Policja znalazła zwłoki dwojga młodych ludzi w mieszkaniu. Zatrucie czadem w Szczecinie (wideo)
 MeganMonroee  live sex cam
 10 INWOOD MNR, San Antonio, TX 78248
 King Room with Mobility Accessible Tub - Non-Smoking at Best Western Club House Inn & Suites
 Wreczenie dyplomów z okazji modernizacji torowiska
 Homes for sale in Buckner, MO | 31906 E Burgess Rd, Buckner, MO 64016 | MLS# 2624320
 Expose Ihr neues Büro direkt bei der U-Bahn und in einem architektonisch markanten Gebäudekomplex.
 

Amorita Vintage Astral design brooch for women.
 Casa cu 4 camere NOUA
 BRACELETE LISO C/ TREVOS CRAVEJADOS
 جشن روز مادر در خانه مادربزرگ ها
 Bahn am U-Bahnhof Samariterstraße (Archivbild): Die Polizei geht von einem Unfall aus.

---+---

§ Task to carry out
Type the data out again, exactly.

§ Result of this task
Policja znalazła zwłoki dwojga młodych ludzi w mieszkaniu. Zatrucie czadem w Szczecinie (wideo)
 MeganMonroee  live sex cam
 10 INWOOD MNR, San Antonio, TX 78248
 King Room with Mobility Accessible Tub - Non-Smoking at Best Western Club House Inn & Suites
 Wreczenie dyplomów z okazji modernizacji torowiska
 Homes for sale in Buckner, MO | 31906 E Burgess Rd, Buckner, MO 64016 | MLS# 2624320
 Expose Ihr neues Büro direkt bei der U-Bahn und in einem architektonisch markanten Gebäudekomplex.
 

Amorita Vintage Astral design brooch for women.
 Casa cu 4 camere NOUA
 BRACELETE LISO C/ TREVOS CRAVEJADOS
 جشن روز مادر در خانه مادربزرگ ها
 Bahn am U-Bahnhof Samariterstraße (Archivbild): Die Polizei geht von einem Unfall aus.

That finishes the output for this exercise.